In this battle, Williams’ antigay provocations have become an unexpected flashpoint. Mainstream conservatives might “agree with him on gay issues,” said Dick Wadhams, the state Republican Party chair from 2007 to 2011. But “I don’t think they like the tone, the hateful tone of what he put out,” he said, and “they think his conduct has become embarrassing.” Republican leaders from across the state have called for him to step down, and since he’s refused, some have launched a drive to remove him.

Valdamar Archuleta, a Republican congressional candidate in Denver and president of the state chapter of the Log Cabin Republicans, a group for gay members of the GOP, repudiated the state party’s endorsement over its antigay rhetoric. “I do think this is going to be a movement that’s going to force Colorado Republicans to kind of wake up and say, ‘All right, we can’t just sit back and give up on our state and let the fringe element of the party control the party,” said Archuleta, who is voting for Trump in November.

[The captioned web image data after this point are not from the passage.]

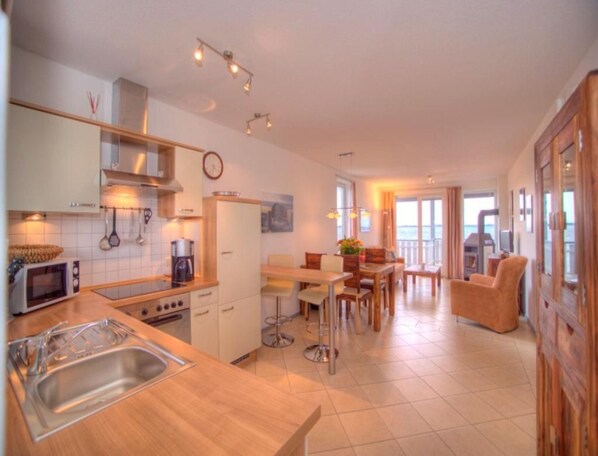Eine moderne Küche mit Essbereich, Holzmöbeln und Meerblick.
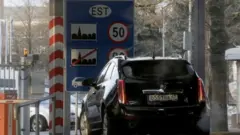 Car at Estonia-Russia border crossing at Narva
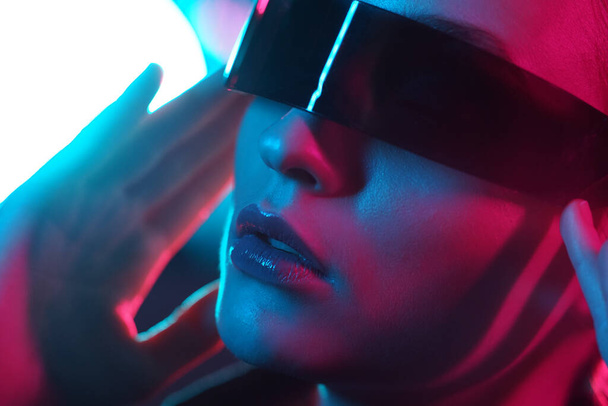 Portrait of a beautiful and young girl in cyberpunk style. Mixed color light effect. Futuristic concept with flares and lights. - Фото, изображение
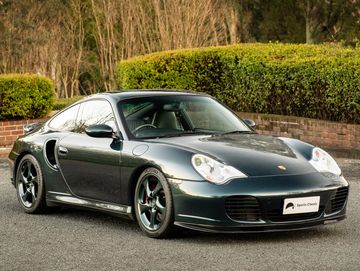 A sleek black Porsche sports car parked outdoors with greenery in the background.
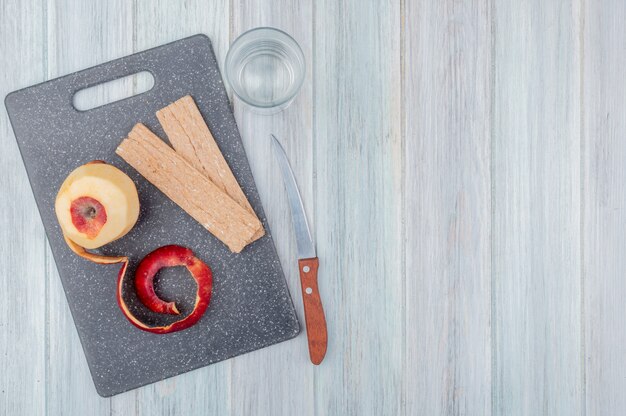 vista superior da maçã vermelha com casca e biscoitos na tábua com faca e copo de água na mesa de madeira com espaço de cópia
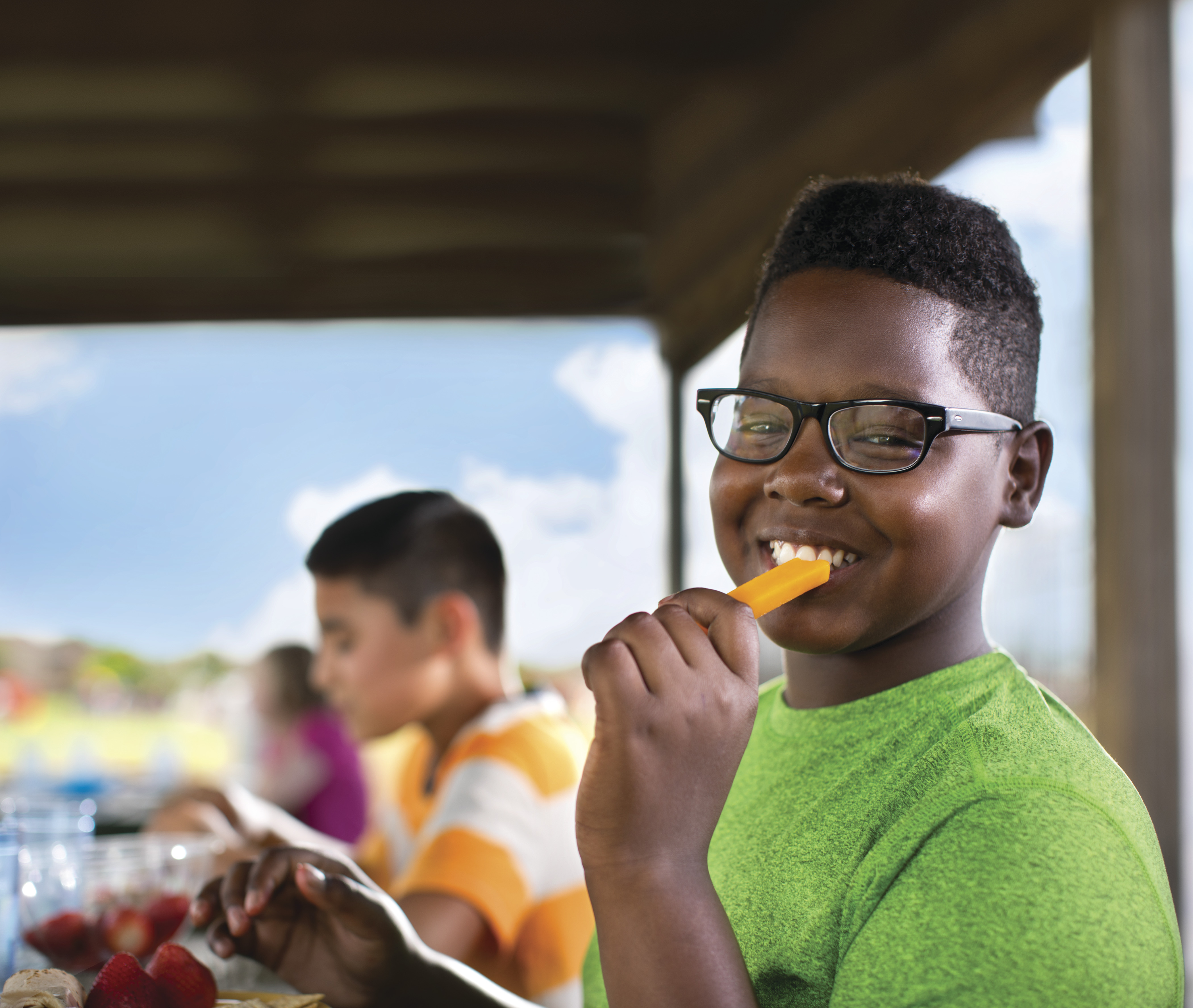 Smiling child eating a cheese stick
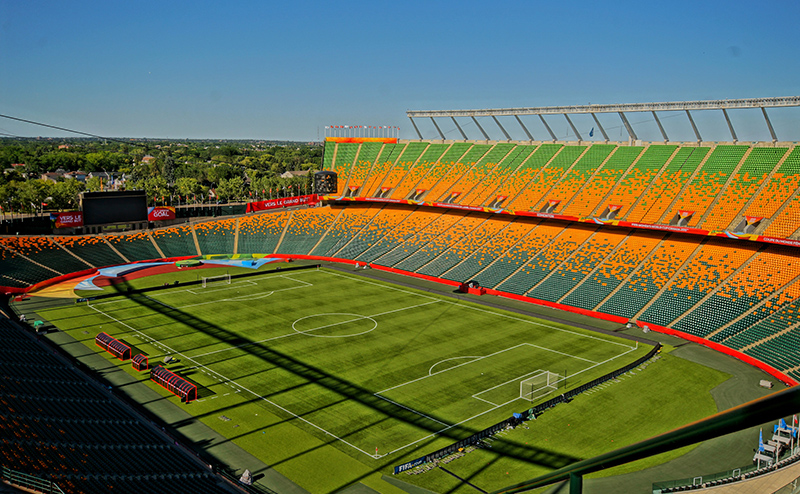 Colour aerial photo of Commonwealth Stadium during a clear day. The field is configured for soccer, with goals at either end.
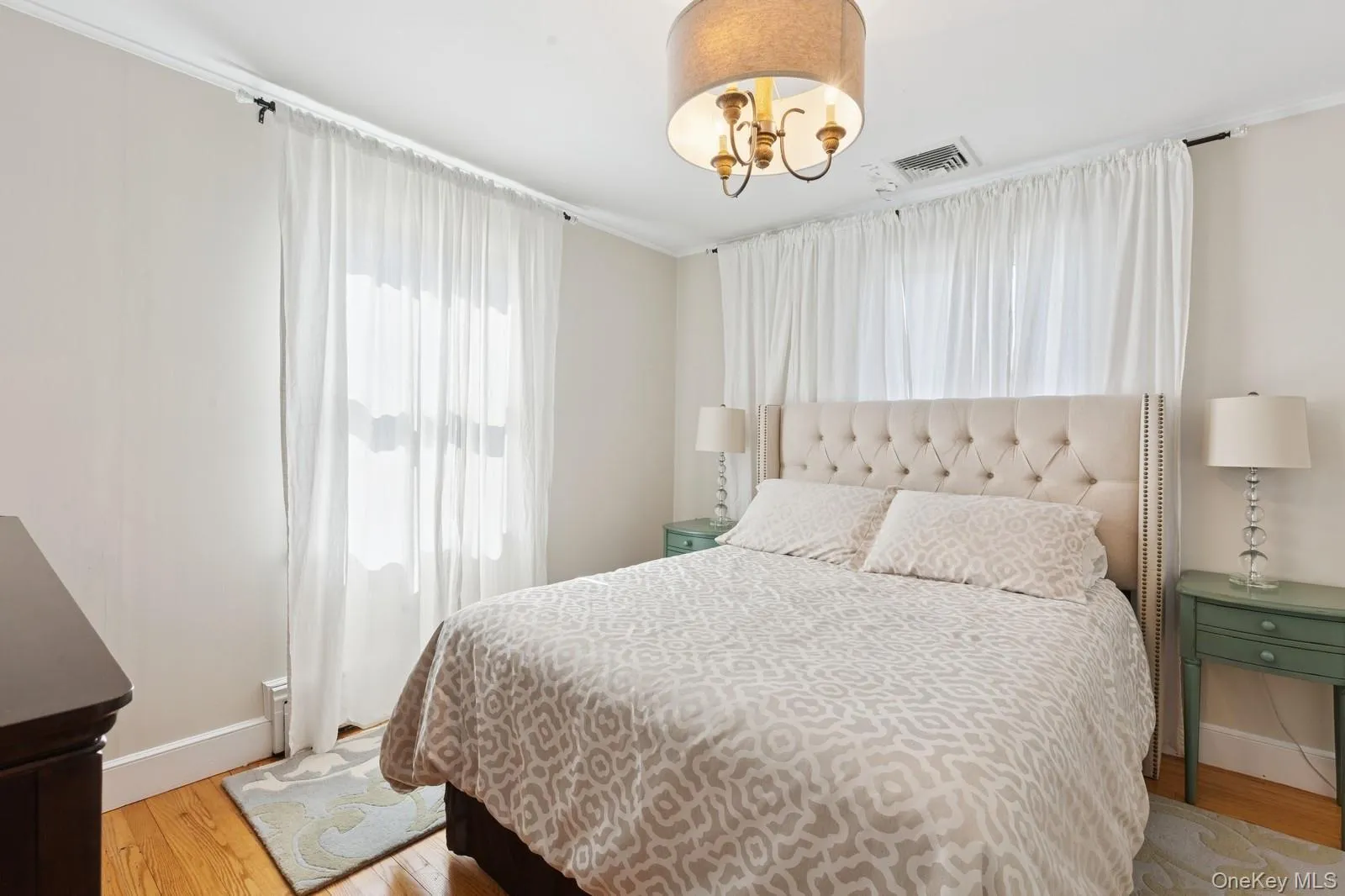 Bedroom featuring light wood-style flooring and a chandelier Bedroom featuring light wood-style flooring and a chandelier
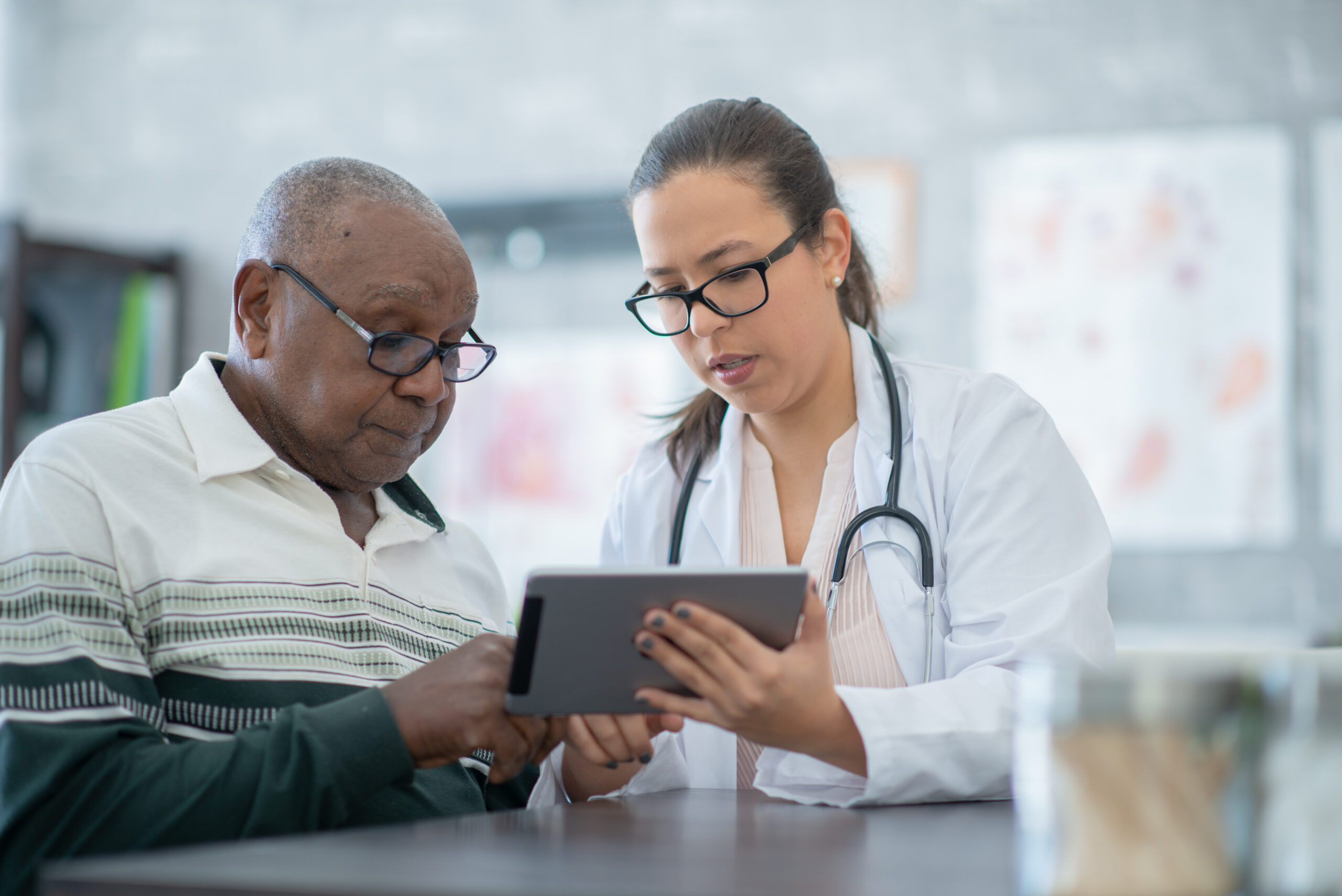 A Hispanic female doctor sits next to her patient at her office to discuss some test results. Her patient is a senior African American male.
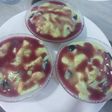Pista fruit custard orange jelly with black currant sauce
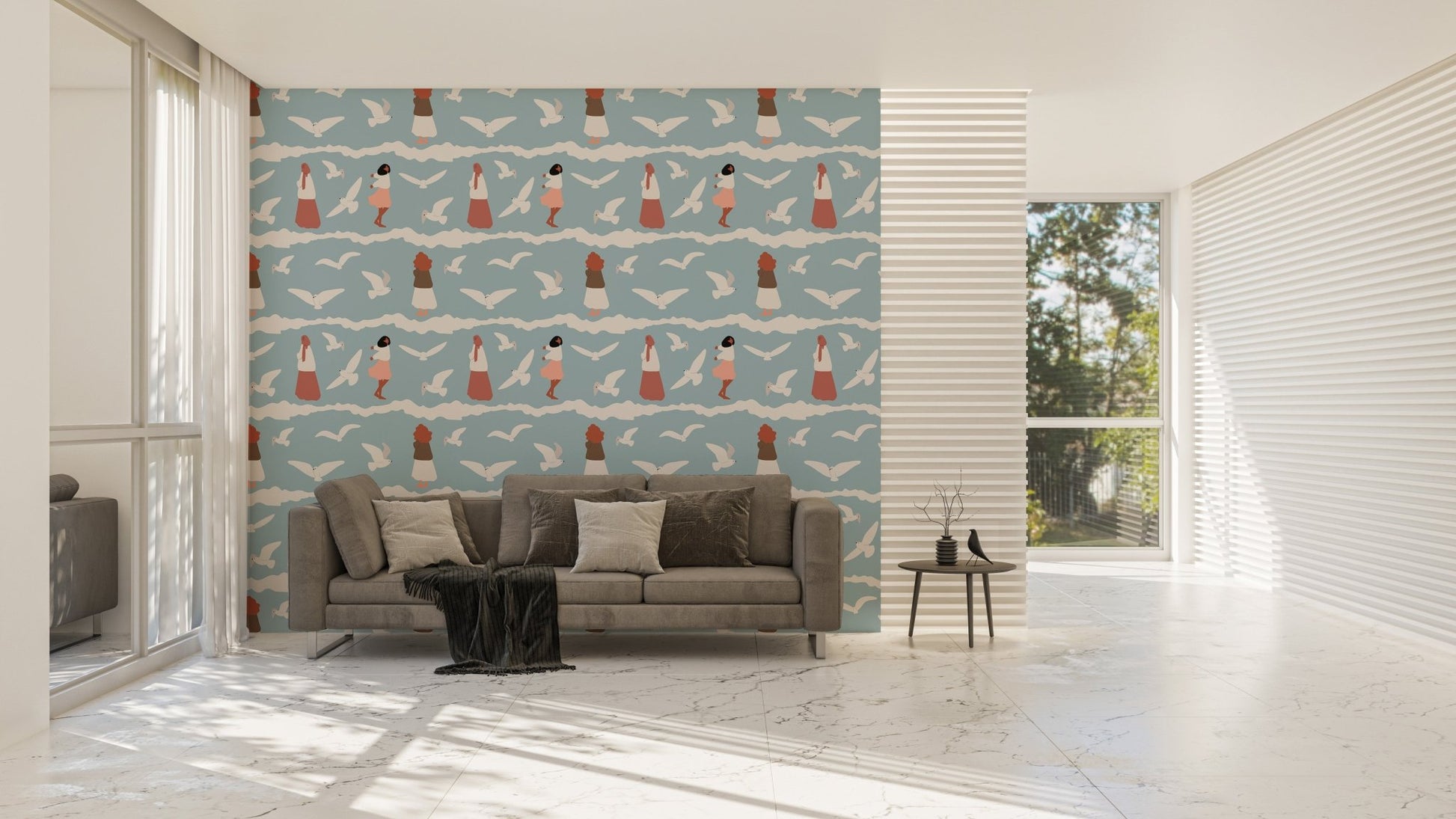 Large wallpaper with bird patterns in a living room with a grey sofa.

But, thanks to Trump, that “fringe element” already controls the party. To force Williams from office, his opponents would need 60% of the votes in the state party’s central committee. Given the makeup of the party, that seems unlikely. “I think the only way he gets removed is that Donald Trump himself calls for him to be removed,” said Eli Bremer, who was chair of the El Paso County Republican Party when Williams was vice chair of it.

Trump will almost certainly not do that. The ex-president may not be particularly homophobic, at least by Republican standards, but he knows that many of his most devoted supporters are Christian nationalists who see the LGBTQ+ movement as part of the constellation of subversive forces that have stolen the country from them. That’s why antigay paranoia and election denialism fit together so naturally. Indeed, within the context of Republican politics, Archuleta is probably more of an outlier than Williams. According to a Gallup poll taken last year, only 41% of Republicans believe that same-sex relationships are morally acceptable.

Wadhams points out that the “God Hates Pride” email might have been strategic. “Some people think that he put out this hateful anti-Pride message in order to try to really rev up his base, because I think he understands that he might lose this,” he said of Williams’ primary bid. (In Colorado, independents, who outnumber both Democrats and Republicans, can vote in party primaries.) “And maybe he thinks the only way he can get back in the game is to really energize his base of support.”

Attacks from other Republicans could help him do that. “He’s very good at playing the ‘I am a victim’ card,” said Wadhams. “You know, ‘The establishment, the RINOs are all after me.’” It’s pretty clear where he learned that from.